Exercise objective:
Restate each line of the listing exactly, without carrying over any pictures.

Dataset section:
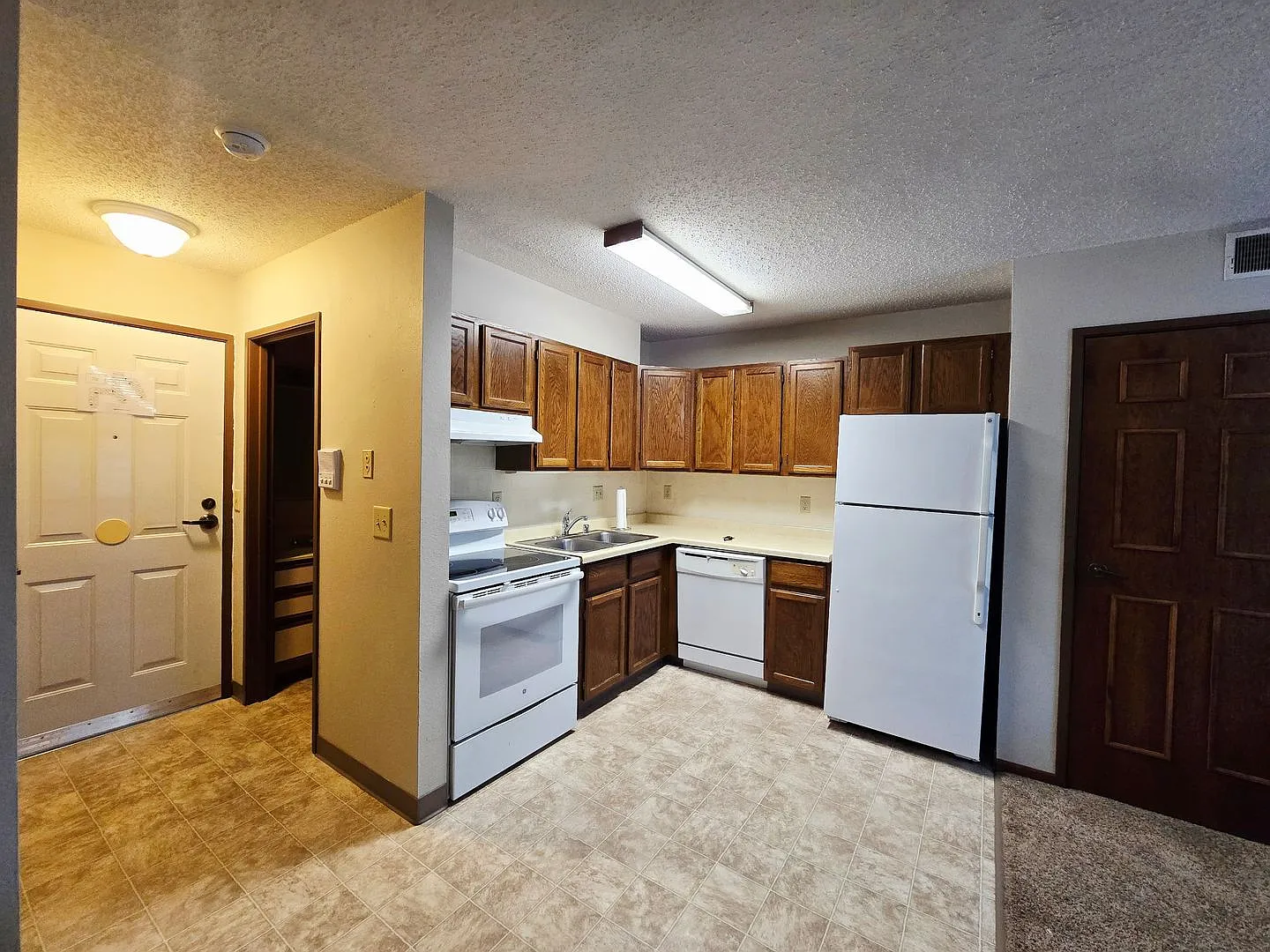 Island Place Apartments - On the River — Photo 4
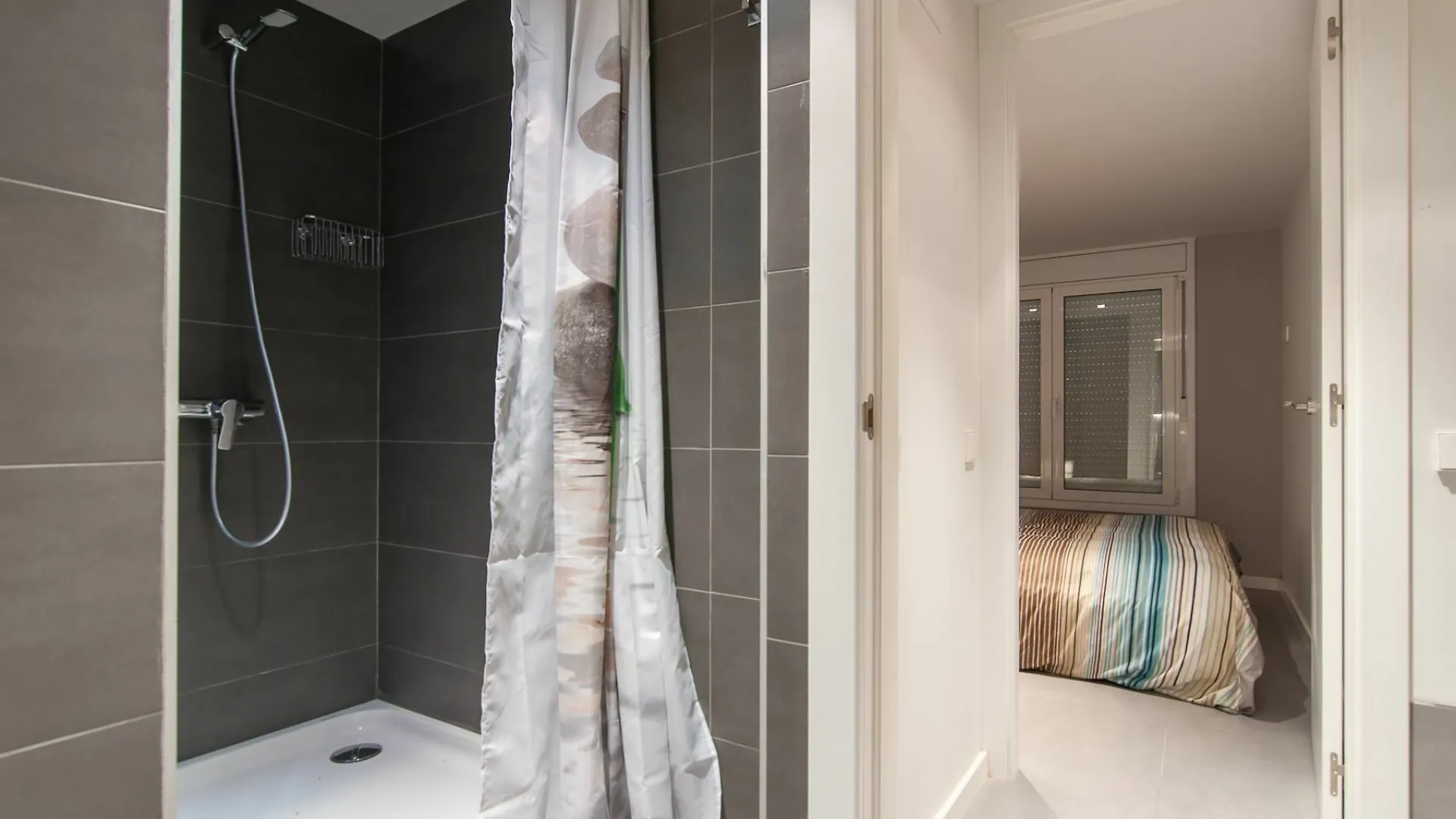 Bbarcelona Poblenou Beach Flats Apartment 0*, Barcelona Spain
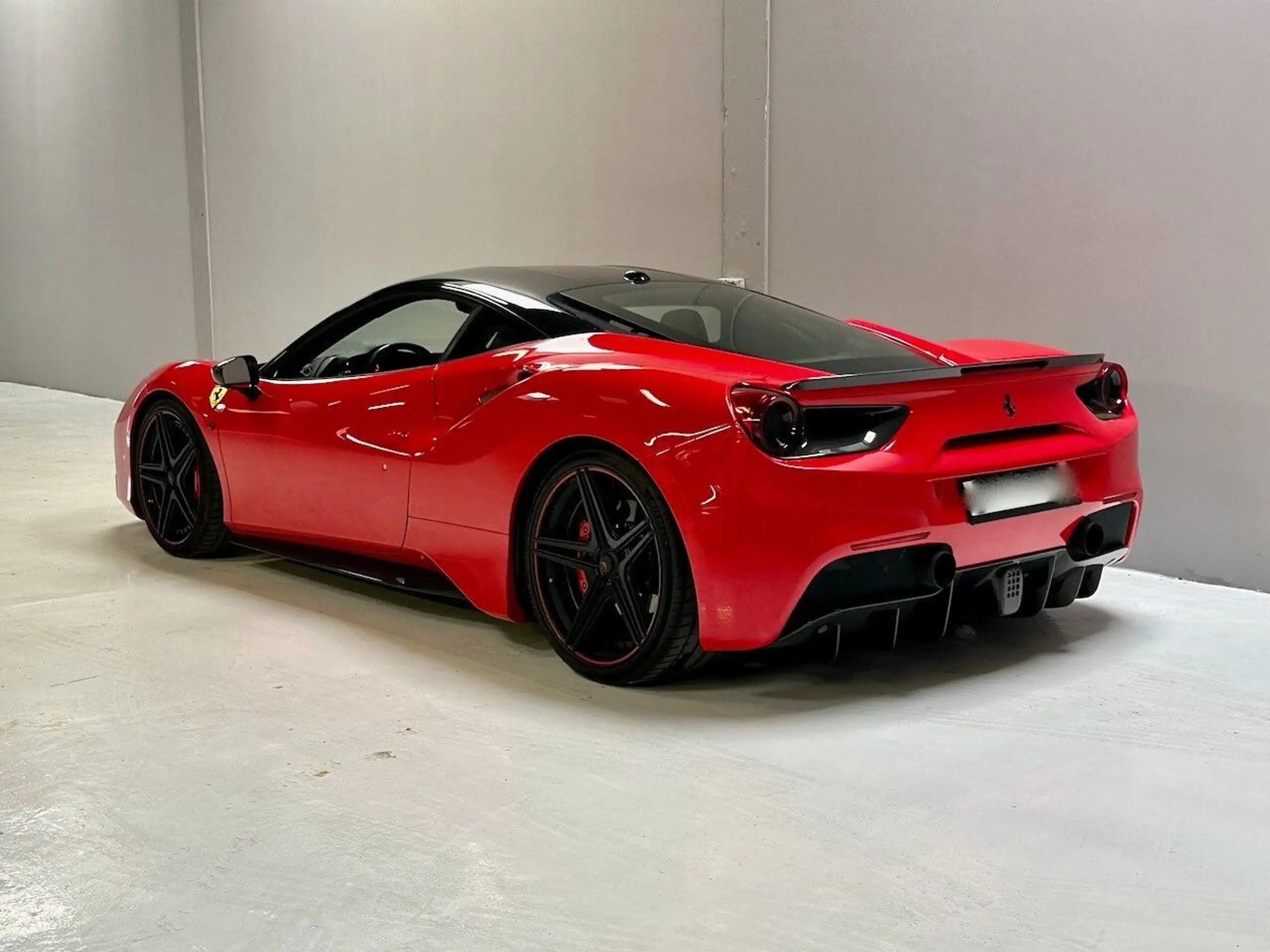 Ferrari - 488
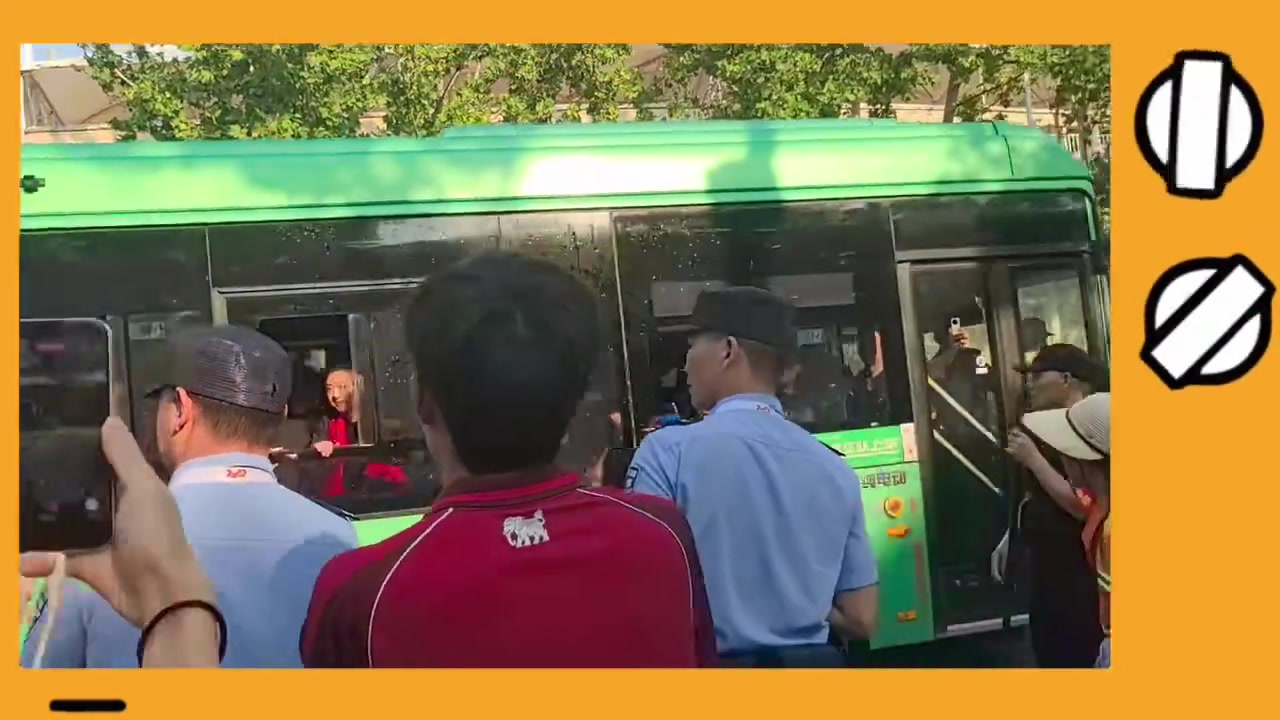 火药味！赛前河南和蓉城球迷互骂，部分河南球迷制作“老鼠”玩偶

Answer to this exercise:
 Island Place Apartments - On the River — Photo 4
 Bbarcelona Poblenou Beach Flats Apartment 0*, Barcelona Spain
 Ferrari - 488
 火药味！赛前河南和蓉城球迷互骂，部分河南球迷制作“老鼠”玩偶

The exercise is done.